Stored data entries

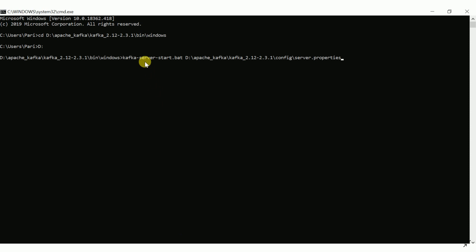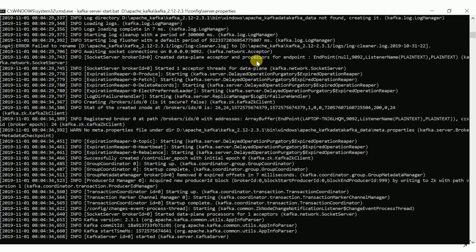Next, start the Kafka broker. Navigate again to the bin\windows folder and run: kafka-server-start.bat followed by the path to server.properties. Once you run it, the Kafka server will start and you will see it awaiting connections on port 9092 by default. Now both ZooKeeper and the Kafka server are running.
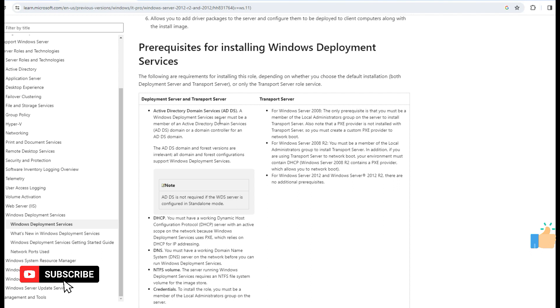However, here we have a small lesson. What do we do here? This is WDS. This is the Windows Server. There is a function. We can deploy one Windows OS.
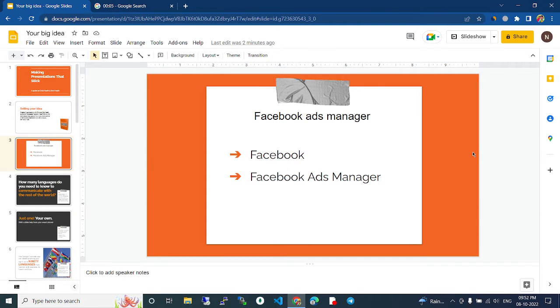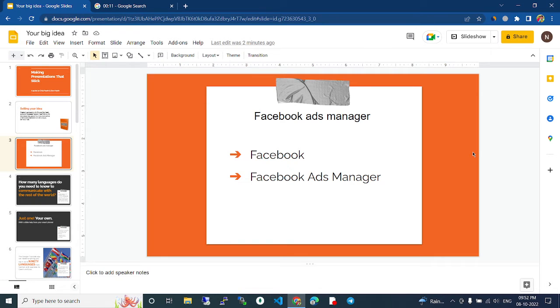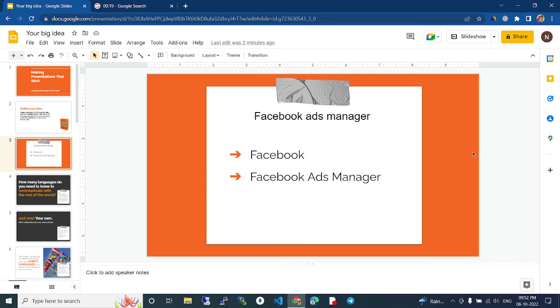Facebook Ads Manager. Facebook Ads Manager can be divided into two types. First one is Facebook, and next we can talk about Facebook Ads Manager.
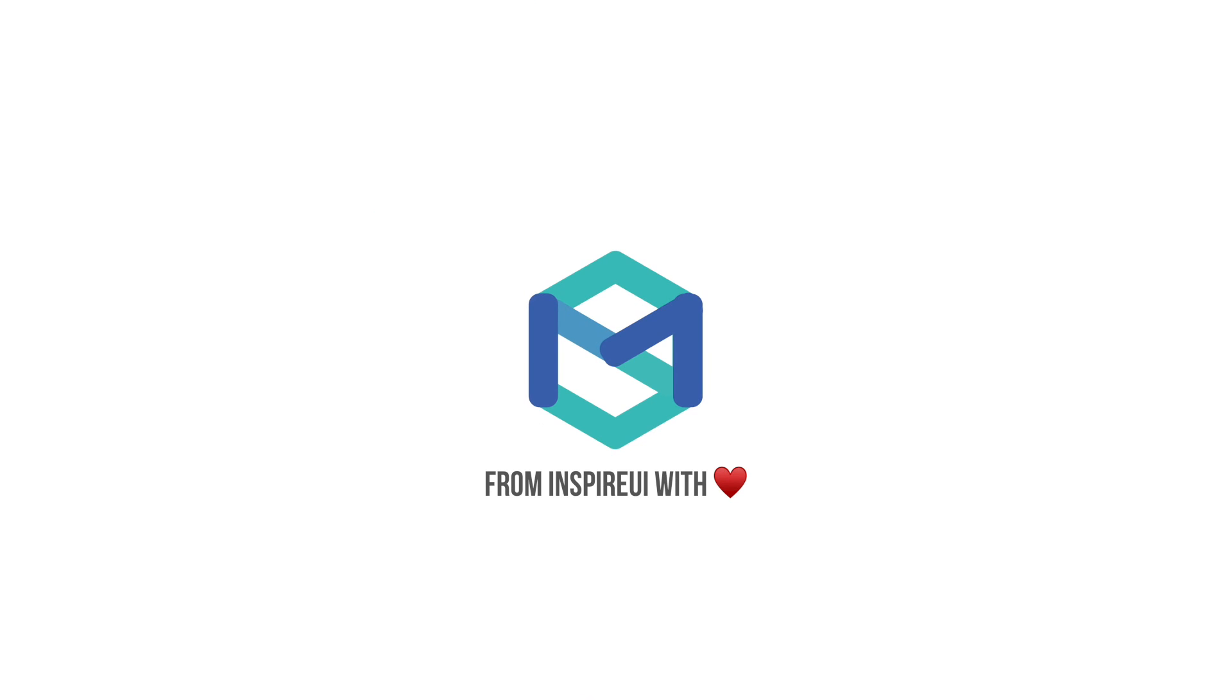That's all. Let's subscribe to this channel to get new videos for free. Thank you.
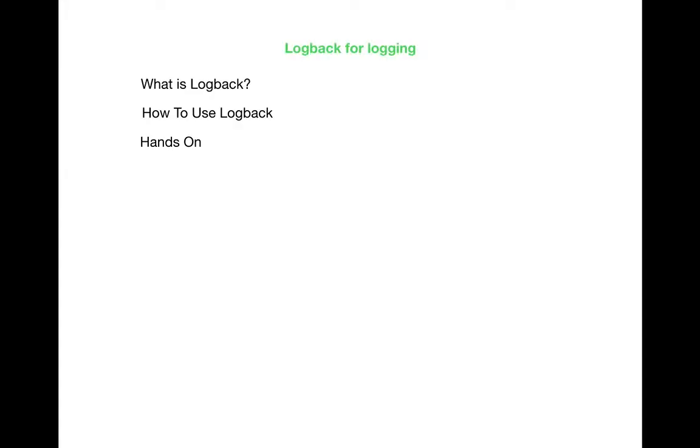Hello everybody. In the last session we learned building simple REST services using Spring Boot. In this session we are going to learn what is Logback and how to configure Logback and how do we generate logs by using Logback.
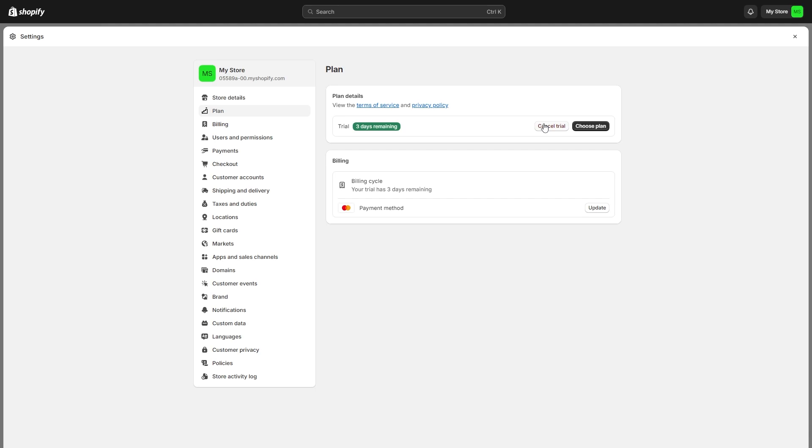Before you do this, you should only really do this if you're finished with your Shopify store and won't be using it any longer. You also want to make sure you've cancelled all of your apps and subscriptions first.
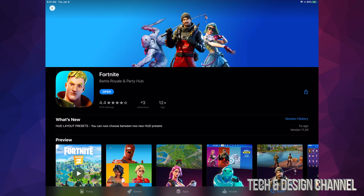Once we open up Fortnite, it's going to do another update within the app. So there are two types of updates that happen — one from Apple, and then another one from Epic itself, which will be taken care of inside the app. So we're just going to open up Fortnite.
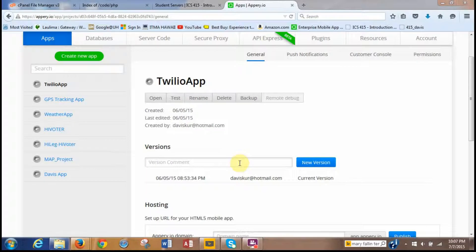Hi, good evening. My name is Davis Koriharu-Nakasu and today we'll be creating a Hello app and the main menu to interface between the different pages.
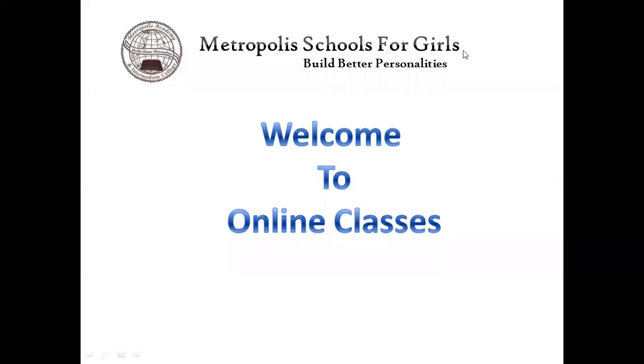Assalamu alaikum students. I am Sir Abdul Aseev, your computer teacher. Welcome to all of you to online classes.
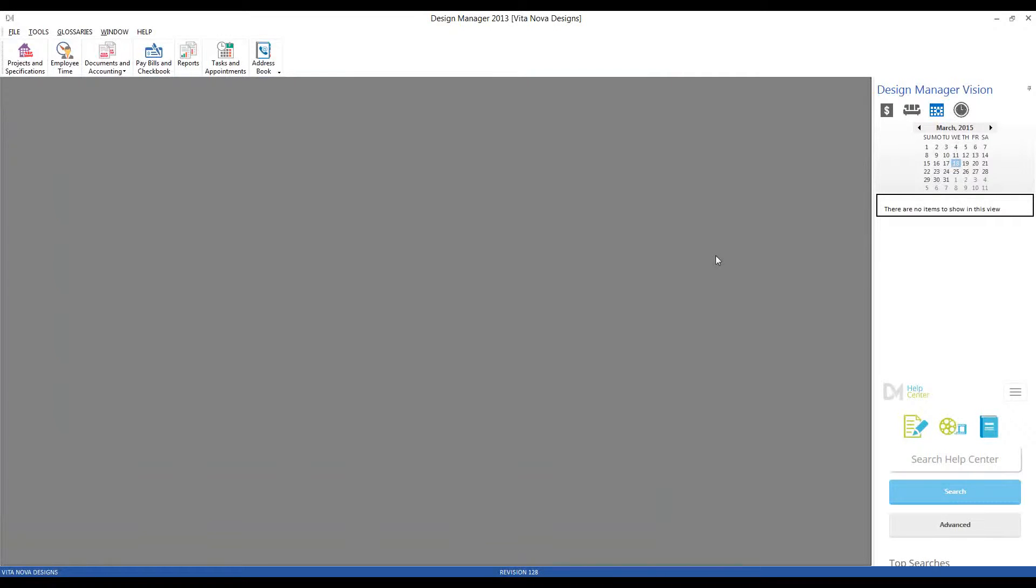So the next step would be to create a final invoice for the Carters. And that brings us back to our Documents in Accounting.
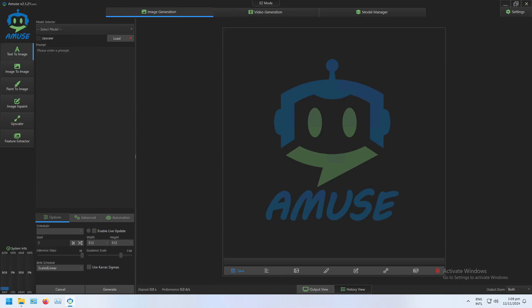Welcome back to another video on our powerful Stable Diffusion software, Amuse. Today I'm going to be covering how to preprocess control net layers in video-to-video generation in Amuse.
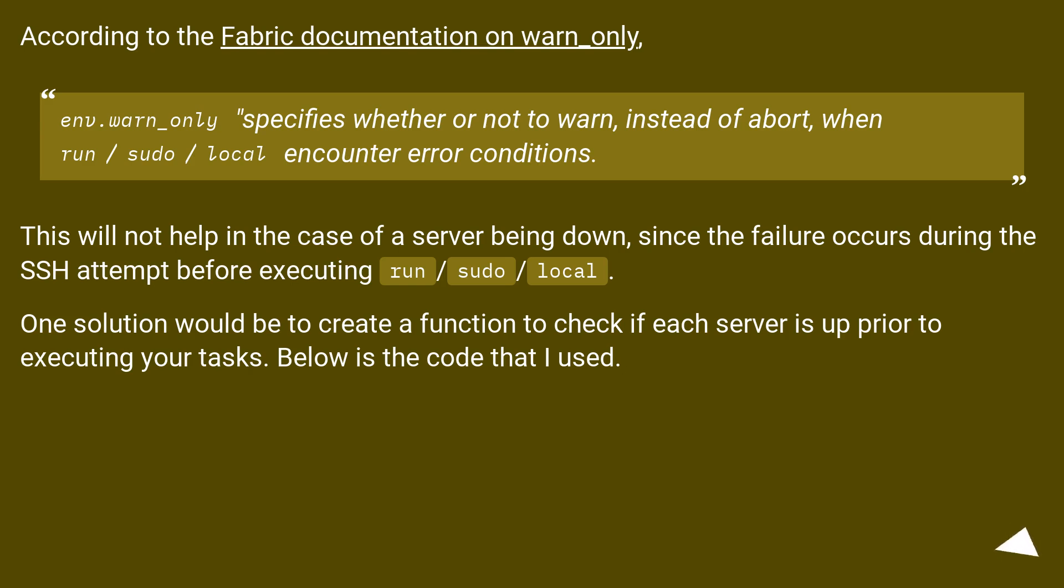One solution would be to create a function to check if each server is up prior to executing your tasks. Below is the code that I used.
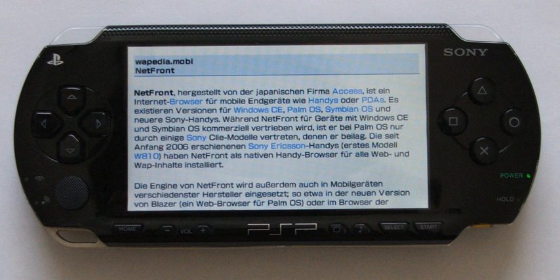The battery must be at least 50% charged or else the system will prevent the update from installing. If the power supply is lost while writing to the system software, the console will no longer be able to operate unless the system is booted in service mode or sent to Sony for repair if still under warranty.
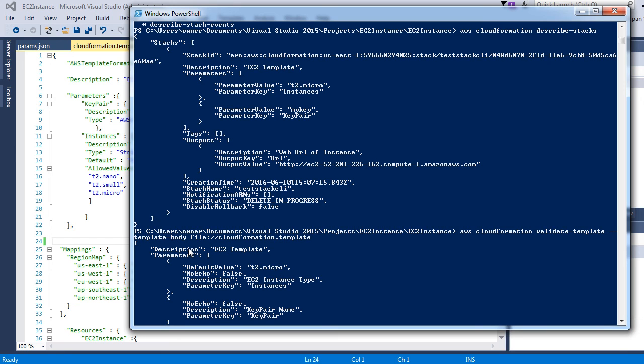So here we saw how to create a template, how to validate a template, how to delete a stack, how to create a stack, and how to use the describe-stacks command to view current stacks from the CLI. This is how we can interact with CloudFormation from the CLI.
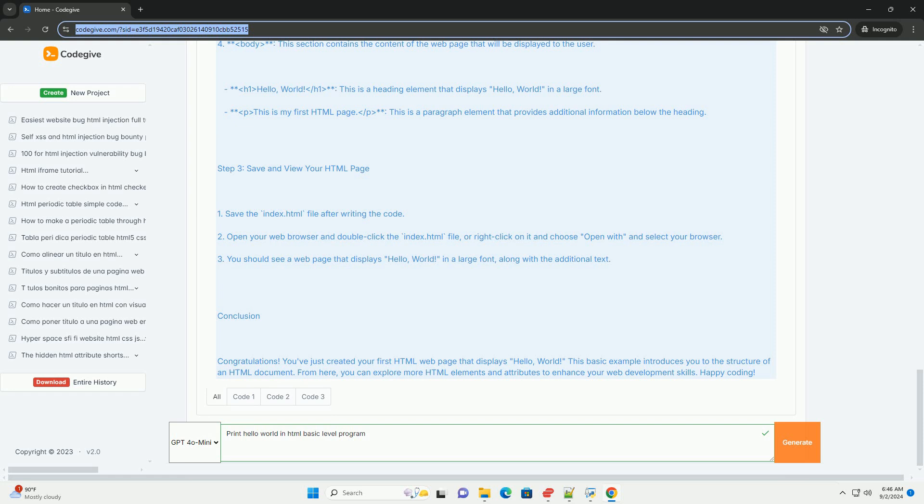When this HTML file is opened in a web browser, it will display the message clearly, serving as a foundational exercise for beginners learning web development.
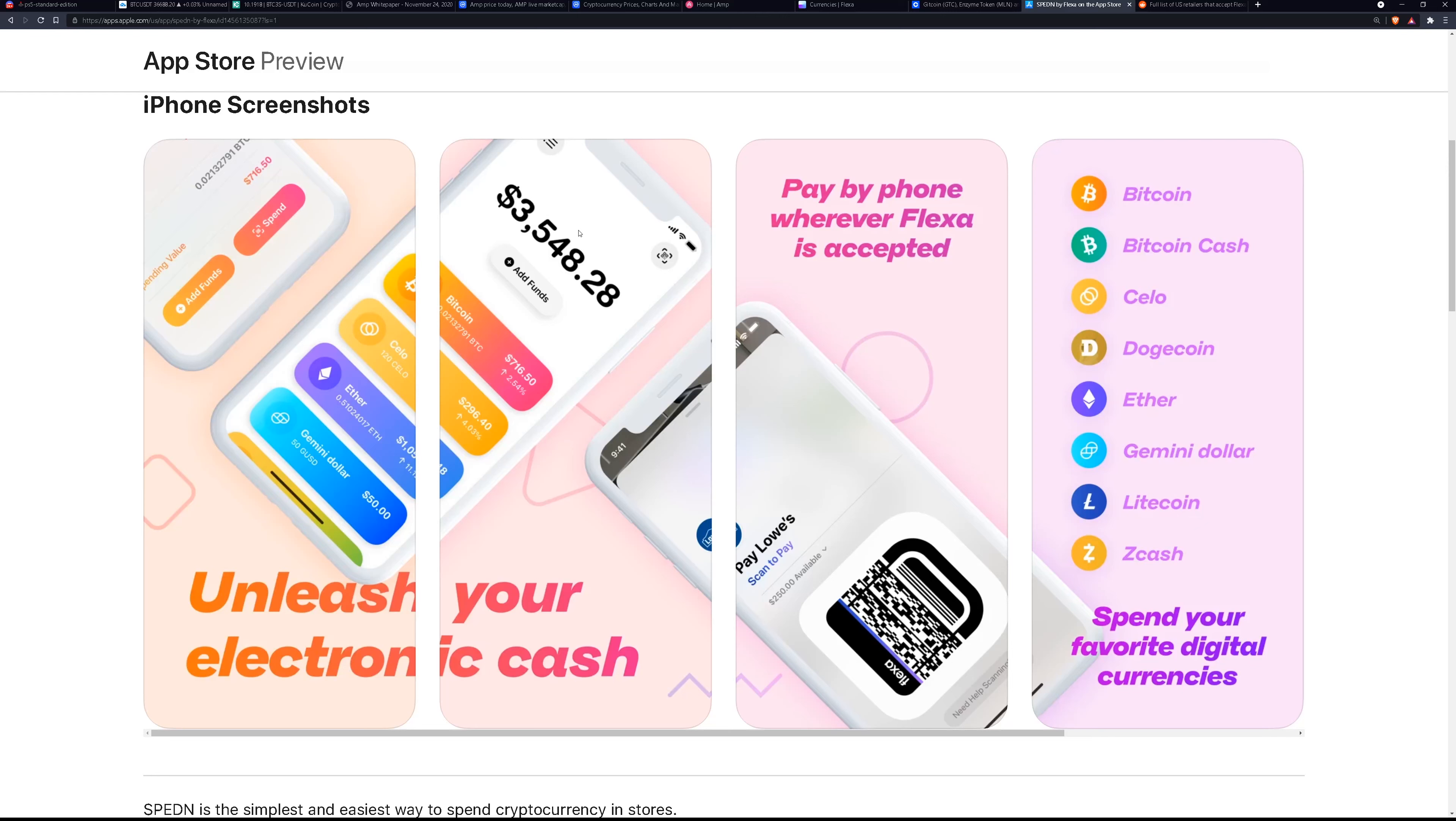It doesn't have to be AMP. AMP is just the token that supports the network. The Flexa network is supported by the AMP token. I think it might be governed by the AMP token as well but the staking and everything is used to validate the transactions and whatnot on the Flexa network.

▸ **Exercise description**
Once the line with "Before you do" is found above, print it and every line after it through the line with "Welcome back to", exactly. Pictures stay out.

▸ **Answer section**
Before you do this, you should only really do this if you're finished with your Shopify store and won't be using it any longer. You also want to make sure you've cancelled all of your apps and subscriptions first.
Once we open up Fortnite, it's going to do another update within the app. So there are two types of updates that happen — one from Apple, and then another one from Epic itself, which will be taken care of inside the app. So we're just going to open up Fortnite.
Hi, good evening. My name is Davis Koriharu-Nakasu and today we'll be creating a Hello app and the main menu to interface between the different pages.
Assalamu alaikum students. I am Sir Abdul Aseev, your computer teacher. Welcome to all of you to online classes.
So the next step would be to create a final invoice for the Carters. And that brings us back to our Documents in Accounting.
Welcome back to another video on our powerful Stable Diffusion software, Amuse. Today I'm going to be covering how to preprocess control net layers in video-to-video generation in Amuse.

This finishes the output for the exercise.